И опять Ушакову увиделась эта жизнь не столь простой и ясной. Знал, что латиняне против веры православной интриги плетут. Но, чтобы убийства тысячные и резню учиняли, не согласовывалось с его понятием о Европе... Да, он вступал на земли, где была великая история, где сплетались судьбы народов разных, где рождалось их величие, где заходило их солнце, чтобы когда-нибудь взойти вновь. Берется ли все сие для учета правителями сих земель? Спросил о том драгомана. Тот к Ушакову проникся и доверительно и тихо сказал:
— Начнись война — все греки за вами будут.
— Ну а те, что под французами на островах венецианских, они нас поддержат или французов?
Драгоман не сразу понял, почему адмирал задал вопрос. Подумал, пожал плечами:
— У них там другие порядки. Кого они там поддерживают, бог знает.
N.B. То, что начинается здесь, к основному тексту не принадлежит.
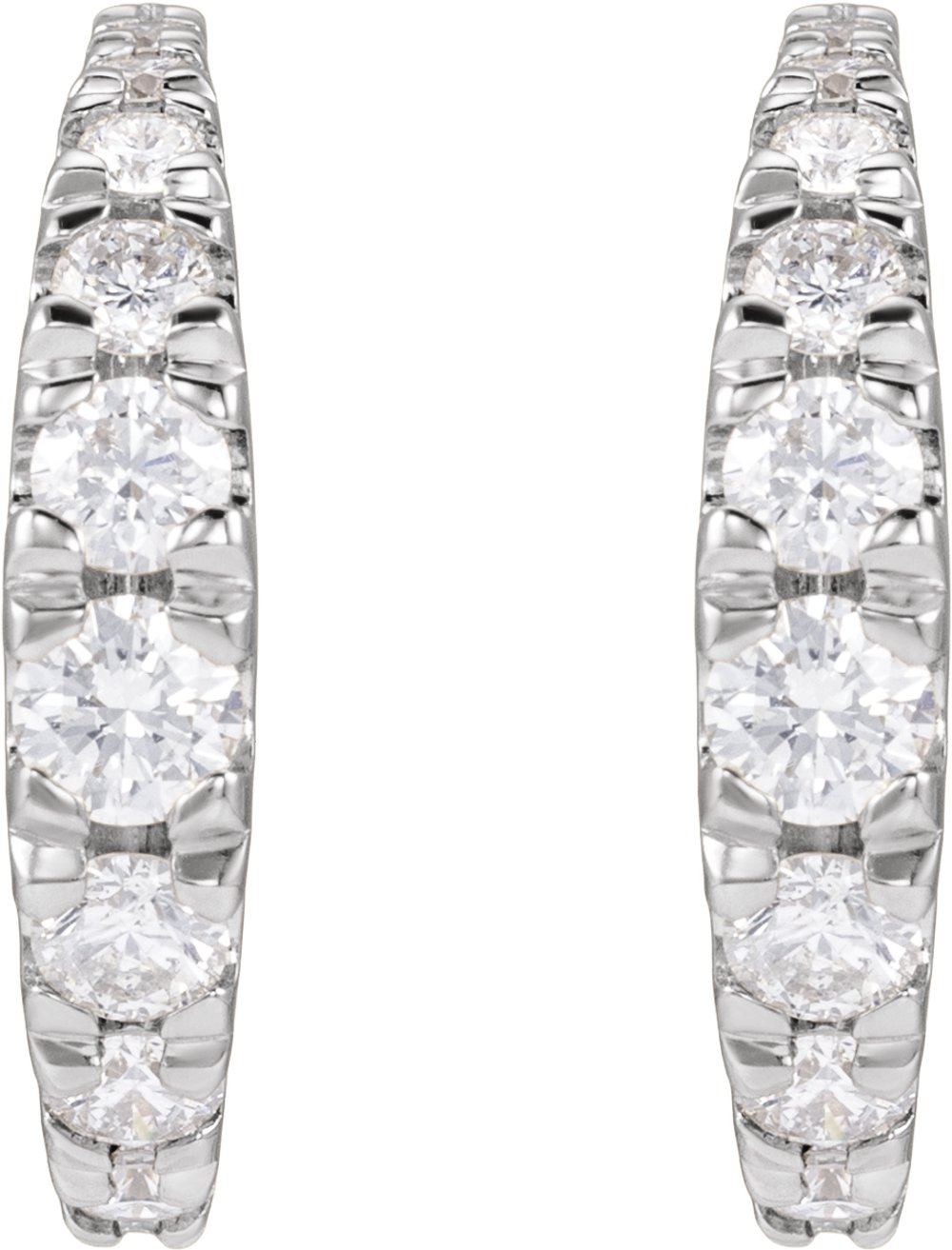 14K White Gold 1 3/8 CTW Lab-Grown Diamond Graduated Hoop Earrings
Поехали дальше молча. Впечатление от Константинополя вблизи было другое, чем с корабля. Срывавшийся ветер несколько раз поднимал тучи пыли, улицы были дурно вымощены, завалены грязью, носильщики спотыкались, все чаще останавливались, чтобы сменить друг друга. Не понравился ему и Сераль. Вблизи представился он как беспорядочный сбор домов, мечетей, башен, казарм, бань и садов.
— Там, внутри, есть еще крепостная стена и ворота, за которыми знаменитое здание дивана. В третий двор почти никто не имеет доступа — то двор султанский.
Иностранные посланники проводятся туда через крытый переход из дивана в аудиенц-залу султана.
Подъехали уже в карете к длинной стене с каменными воротами, приостановились.
— Вот за этими дворцовыми Портами и решаются судьбы мира и войны, налогов и походов, иноверцев и посланников иноземных. И, как вы ведаете, титул «Высокая Порта», вроде бы Высокие Ворота, означает правительство султанской Турции.
Горделиво и непреклонно звучало раньше сие название даже для Ушакова, а сейчас поблекло, и просительное что-то было в нем.
У высокой крепостной стены на площади перед мечетью вдруг все затихло. В левом ее углу послышался металлический стук. Нет, то был не барабан, а большой котел, который несли два человека. Впереди них шел в кожаном переднике с оловянными украшениями громадный турок. Он махал плеткой и что-то выкрикивал. Все идущие навстречу сторонились, прижимались к стенам и пропускали его. Ушаков с вопросом взглянул на драгомана.
— Янычары, — негромко пояснил он.
— А котел зачем?
— Ну, котел — штука важная, и похлебка у них серьезное дело. Даже полковник называется Чор-бадже, или разливатель похлебки. Котел же почитается у них за знамя. Когда они выносят его из казармы — это начало какого-то отчаянного предприятия. Что-то и сегодня затеяли.
Ушаков знал, что янычары большую силу при дворе имели, своевольничали, навязывали даже султану решения свои.
— Пошто султан не оградит себя от их разбоя, не разгонит непокорных?